Em função da fuga empreendida, pelo pior mandatário eleito da história do Brasil, para o exterior — dizem as más línguas para cuidar de vinte e três imóveis que comprou por lá —, o homem recebe a faixa presidencial de Francisco, uma criança de dez anos, morador de Itaquera, cidade de São Paulo; de Aline Sousa, 33 anos, catadora; de Raoni, aos 90 anos; de Wesley Rocha, 36 anos, metalúrgico; de Murilo Jesus, 28 anos, professor; de Jucimara Santos, cozinheira; de Ivan Baron, portador de paralisia cerebral, e de Flávio Pereira, 50 anos, artesão. Todo o extrato do povo e dos trabalhadores brasileiros estavam ali representados. Alguém já viu algo semelhante alguma vez, no mundo?
No parlatório (que nome!), sobe um homem, e seu vice, ambos dados como sepultados vivos em passado recente. Não se compara o que sofreu Lula com o que passou Alckmin. Mas este último teve todos os seus tapetes puxados, foi traído e humilhado diante de uma merreca de votos em 2018, para um homem que havia governado o mais importante estado do país por muitos anos. Ali estava sorridente como quem diz: “fingimos que fumos e vortemos, ói nóis aqui tra veíz”!

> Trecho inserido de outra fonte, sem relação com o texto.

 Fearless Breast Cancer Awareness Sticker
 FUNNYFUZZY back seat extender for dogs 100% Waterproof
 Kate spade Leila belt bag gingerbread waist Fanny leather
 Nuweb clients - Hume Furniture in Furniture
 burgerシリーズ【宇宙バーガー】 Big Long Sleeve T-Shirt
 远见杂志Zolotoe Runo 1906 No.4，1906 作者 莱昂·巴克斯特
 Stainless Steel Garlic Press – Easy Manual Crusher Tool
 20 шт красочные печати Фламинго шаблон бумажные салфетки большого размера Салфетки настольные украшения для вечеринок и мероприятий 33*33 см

Ali no parlatório (que nome!), o homem cumprimenta a multidão com um emocionado “Boa tarde, povo brasileiro”, lembrando os 580 dias de Curitiba. Faz um discurso emocionado; fala de paz, esperança, união, crescimento; do combate à desigualdade, à fome e à miséria. O mais raro líder político do mundo ocidental, encerra ali a posse mais rara já vista por estas bandas.